(Exercise) When you reach the line that contains "Qoramtir Bereket 33" in the data below, start reproducing lines exactly, and stop after the line that contains "Men’s Alligator Small Bifold Wallet – Brown".

BEGIN

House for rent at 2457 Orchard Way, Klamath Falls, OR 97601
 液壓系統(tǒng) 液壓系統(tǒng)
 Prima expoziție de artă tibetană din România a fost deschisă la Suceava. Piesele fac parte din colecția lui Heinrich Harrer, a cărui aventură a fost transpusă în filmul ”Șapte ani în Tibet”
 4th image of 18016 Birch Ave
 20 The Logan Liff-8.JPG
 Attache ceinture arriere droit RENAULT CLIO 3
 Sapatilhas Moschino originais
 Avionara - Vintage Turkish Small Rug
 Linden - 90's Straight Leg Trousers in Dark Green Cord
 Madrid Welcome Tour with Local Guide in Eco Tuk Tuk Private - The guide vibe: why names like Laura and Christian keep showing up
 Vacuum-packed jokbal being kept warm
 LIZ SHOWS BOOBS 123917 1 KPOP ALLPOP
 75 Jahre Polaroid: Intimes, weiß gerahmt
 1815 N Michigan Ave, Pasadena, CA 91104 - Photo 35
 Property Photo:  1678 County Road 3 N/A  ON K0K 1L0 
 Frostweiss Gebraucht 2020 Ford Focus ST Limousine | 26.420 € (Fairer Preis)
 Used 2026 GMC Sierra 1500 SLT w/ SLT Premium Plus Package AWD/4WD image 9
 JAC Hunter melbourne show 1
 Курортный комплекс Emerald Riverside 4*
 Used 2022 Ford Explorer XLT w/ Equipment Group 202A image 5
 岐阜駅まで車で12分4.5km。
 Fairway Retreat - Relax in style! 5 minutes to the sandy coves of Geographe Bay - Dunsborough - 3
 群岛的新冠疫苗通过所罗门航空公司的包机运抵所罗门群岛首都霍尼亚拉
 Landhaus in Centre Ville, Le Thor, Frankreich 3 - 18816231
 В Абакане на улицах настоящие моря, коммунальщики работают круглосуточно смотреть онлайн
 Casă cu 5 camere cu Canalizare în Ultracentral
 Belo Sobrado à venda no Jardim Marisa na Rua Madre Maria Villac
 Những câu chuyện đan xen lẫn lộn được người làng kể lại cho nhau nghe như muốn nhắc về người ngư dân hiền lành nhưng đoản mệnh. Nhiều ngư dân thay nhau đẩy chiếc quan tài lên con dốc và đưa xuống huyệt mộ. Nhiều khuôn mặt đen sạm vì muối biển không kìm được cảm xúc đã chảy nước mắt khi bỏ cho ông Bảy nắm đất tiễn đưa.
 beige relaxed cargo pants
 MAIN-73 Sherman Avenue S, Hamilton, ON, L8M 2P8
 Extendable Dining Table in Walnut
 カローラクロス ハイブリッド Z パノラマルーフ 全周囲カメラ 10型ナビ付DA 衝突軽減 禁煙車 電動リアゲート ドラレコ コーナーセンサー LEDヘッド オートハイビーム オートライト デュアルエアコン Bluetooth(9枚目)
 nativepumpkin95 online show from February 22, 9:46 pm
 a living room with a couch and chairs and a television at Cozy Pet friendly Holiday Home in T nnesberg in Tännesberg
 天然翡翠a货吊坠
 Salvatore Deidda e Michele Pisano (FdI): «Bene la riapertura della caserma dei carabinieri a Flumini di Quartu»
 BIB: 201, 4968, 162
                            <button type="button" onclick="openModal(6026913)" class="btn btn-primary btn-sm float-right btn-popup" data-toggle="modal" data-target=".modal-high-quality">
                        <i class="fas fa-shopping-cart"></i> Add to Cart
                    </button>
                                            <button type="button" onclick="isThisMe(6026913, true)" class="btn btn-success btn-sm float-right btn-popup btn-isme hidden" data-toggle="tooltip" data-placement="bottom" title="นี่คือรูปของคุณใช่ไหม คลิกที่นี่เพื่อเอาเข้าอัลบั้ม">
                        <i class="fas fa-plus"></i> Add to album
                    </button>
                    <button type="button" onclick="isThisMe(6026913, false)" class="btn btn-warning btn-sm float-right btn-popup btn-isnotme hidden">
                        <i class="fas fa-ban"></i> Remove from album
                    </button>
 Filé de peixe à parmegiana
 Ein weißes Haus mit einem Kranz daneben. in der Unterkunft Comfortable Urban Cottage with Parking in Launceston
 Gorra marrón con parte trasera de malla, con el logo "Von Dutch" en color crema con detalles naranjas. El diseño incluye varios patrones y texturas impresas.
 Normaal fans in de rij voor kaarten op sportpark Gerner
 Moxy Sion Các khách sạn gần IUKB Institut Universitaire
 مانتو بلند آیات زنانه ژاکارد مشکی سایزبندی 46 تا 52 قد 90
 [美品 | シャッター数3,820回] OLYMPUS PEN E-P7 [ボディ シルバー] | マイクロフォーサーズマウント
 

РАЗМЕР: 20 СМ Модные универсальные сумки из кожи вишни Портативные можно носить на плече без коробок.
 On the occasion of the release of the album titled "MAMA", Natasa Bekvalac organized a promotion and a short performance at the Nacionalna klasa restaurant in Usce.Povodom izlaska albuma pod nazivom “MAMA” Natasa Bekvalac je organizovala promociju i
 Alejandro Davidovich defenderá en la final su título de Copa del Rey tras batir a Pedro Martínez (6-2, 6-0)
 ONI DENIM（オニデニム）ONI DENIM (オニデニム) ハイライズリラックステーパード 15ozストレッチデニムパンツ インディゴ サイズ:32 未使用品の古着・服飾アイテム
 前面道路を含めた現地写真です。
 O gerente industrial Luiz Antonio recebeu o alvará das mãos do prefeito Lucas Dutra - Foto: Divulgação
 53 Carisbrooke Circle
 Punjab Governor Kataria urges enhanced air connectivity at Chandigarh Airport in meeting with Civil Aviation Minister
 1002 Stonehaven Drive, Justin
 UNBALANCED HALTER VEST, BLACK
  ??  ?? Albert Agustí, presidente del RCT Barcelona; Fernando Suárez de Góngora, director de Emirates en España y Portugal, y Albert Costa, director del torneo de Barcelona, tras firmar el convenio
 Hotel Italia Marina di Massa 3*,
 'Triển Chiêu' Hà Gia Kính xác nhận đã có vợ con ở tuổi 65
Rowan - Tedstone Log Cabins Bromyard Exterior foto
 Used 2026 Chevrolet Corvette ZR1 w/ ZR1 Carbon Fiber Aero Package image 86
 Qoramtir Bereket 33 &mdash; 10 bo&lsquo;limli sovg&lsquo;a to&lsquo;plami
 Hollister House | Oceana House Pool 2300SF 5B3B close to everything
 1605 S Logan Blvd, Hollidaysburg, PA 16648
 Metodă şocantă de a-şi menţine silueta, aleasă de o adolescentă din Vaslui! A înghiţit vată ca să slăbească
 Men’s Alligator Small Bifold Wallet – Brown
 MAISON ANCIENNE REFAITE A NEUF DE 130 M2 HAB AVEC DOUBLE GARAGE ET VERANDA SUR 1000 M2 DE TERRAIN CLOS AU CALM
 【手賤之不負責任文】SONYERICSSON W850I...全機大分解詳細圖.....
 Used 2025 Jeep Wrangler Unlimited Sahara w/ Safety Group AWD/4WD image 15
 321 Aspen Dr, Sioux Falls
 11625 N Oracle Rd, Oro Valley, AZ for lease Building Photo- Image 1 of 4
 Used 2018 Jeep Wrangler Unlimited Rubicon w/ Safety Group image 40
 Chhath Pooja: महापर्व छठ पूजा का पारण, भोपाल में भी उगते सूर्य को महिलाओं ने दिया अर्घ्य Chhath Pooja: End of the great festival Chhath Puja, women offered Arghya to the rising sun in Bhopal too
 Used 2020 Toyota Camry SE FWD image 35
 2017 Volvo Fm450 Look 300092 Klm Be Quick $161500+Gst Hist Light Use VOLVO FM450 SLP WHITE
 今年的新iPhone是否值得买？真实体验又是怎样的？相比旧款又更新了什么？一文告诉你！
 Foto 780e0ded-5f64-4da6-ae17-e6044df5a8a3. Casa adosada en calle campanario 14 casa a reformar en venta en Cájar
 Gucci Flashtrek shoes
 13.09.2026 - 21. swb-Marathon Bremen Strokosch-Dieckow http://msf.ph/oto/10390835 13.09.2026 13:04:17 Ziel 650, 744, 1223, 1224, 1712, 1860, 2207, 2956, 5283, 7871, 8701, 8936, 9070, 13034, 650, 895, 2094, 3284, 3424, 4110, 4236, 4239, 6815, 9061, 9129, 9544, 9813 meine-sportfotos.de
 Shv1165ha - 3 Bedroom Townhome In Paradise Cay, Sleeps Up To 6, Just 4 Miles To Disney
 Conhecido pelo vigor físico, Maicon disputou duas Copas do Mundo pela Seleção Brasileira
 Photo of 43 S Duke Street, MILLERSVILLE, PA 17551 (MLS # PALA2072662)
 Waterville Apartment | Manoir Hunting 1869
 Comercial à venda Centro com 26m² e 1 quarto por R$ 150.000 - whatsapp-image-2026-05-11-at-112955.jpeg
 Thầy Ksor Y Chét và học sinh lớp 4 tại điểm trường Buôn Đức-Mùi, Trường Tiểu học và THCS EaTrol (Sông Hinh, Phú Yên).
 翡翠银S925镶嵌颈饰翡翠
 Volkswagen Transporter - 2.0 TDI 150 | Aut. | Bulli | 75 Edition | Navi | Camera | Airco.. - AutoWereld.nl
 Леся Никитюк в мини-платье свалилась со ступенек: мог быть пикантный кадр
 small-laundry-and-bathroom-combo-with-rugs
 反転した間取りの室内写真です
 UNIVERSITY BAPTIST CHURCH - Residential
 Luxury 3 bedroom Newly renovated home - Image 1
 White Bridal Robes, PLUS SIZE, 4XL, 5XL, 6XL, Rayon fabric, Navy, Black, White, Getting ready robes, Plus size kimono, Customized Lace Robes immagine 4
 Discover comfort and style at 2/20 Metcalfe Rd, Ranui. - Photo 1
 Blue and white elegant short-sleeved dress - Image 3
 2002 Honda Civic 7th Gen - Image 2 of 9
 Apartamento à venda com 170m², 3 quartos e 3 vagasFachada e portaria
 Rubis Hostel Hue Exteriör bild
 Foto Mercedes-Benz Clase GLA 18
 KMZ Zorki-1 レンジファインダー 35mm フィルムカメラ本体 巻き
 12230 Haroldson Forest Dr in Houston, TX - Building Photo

END

(Solution)
 Qoramtir Bereket 33 &mdash; 10 bo&lsquo;limli sovg&lsquo;a to&lsquo;plami
 Hollister House | Oceana House Pool 2300SF 5B3B close to everything
 1605 S Logan Blvd, Hollidaysburg, PA 16648
 Metodă şocantă de a-şi menţine silueta, aleasă de o adolescentă din Vaslui! A înghiţit vată ca să slăbească
 Men’s Alligator Small Bifold Wallet – Brown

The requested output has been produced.